Last year President Barack Obama proved that he is still “the man”. He still runs the best campaign and defies the odds. Most Republicans believed or hoped that President Obama would be easily defeated last November due to the poor economy and public discontent toward politicians. They were wrong. The Republicans nominated an out-of-touch elitist who voters rejected and President Obama was easily elected to a second term.
Let’s thank the everyday folks who turned out to vote in record numbers and who believed in the President’s vision for America. Cheers and High Fives to the majority of the voters and double cheers to the Democrats and Independents who went to the polls in record numbers in Ohio, Florida, North Carolina,Virginia and other swing states. Those of us in Georgia were counting on you and you made history again by voting for sensible, sensitive and smart government.
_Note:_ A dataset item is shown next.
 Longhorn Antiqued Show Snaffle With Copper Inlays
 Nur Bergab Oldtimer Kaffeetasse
Another lesson learned from 2012 is that Republicans will raise taxes. GOP Speaker John Boehner and almost half of the Republicans in Congress voted to raise taxes. Despite years and years of no tax pledges from the far right, lots of rhetoric and public threats to moderates and Democrats who dared to talk about investing in America instead of divesting. They put aside their fears of future political primaries for ensuring the fiscal health of the country.
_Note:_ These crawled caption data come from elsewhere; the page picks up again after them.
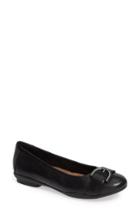 Women's Clarks Nennah Lark Ballet Shoe M - Black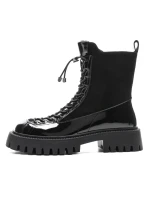 Ghete Dama din piele naturala 52AD8 BLACK | PANTOFUL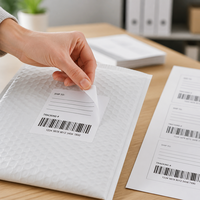 Étiquettes d'expédition imperméables et résistantes à l'huile, autocollants logistiques anti-rayures, adhésif permanent résistant aux intempéries pour le transport extérieur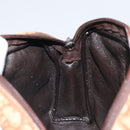 Christian Dior Trotter Canvas Shoulder Bag Brown Gold Auth bs32243-17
While most Southern Republicans stuck to their guns (literally) and voted against raising taxes, the two Georgia Senators, Johnny Isakson and Clarence Saxby Chambliss, channeled their best progressive inner voices and voted with the President and the majority of the their Senate colleagues to put the country on the right path to economic recovery.
Finally, voters in Georgia proved that statewide ballot referenda can pass, even in a recession. A strong campaign, amenable ballot language and the right policy focus led to the amendment for Public Charter Schools being approved by a landslide vote at the polls in November. And in doing so, a new coalition of African American and moderate suburban Republican voters was birthed in Georgia. Elected officials with eyes toward higher office would be wise to take note of that alliance.
Lessons learned from the 2012 election season, well we’ll leave it to you to decide what matters most to you. But for us we have learned to keep pushing smart, research-based public policy solutions, even imperfect ones.
The next year will bring its own challenges. More discussions of the nation’s fiscal policy, a possible re-branding of the Republican Party platform, and the 2nd amendment will likely dominate the national debate. Locally, Georgia’s sagging economy, ethics, and municipal elections in Atlanta will be front and center this year.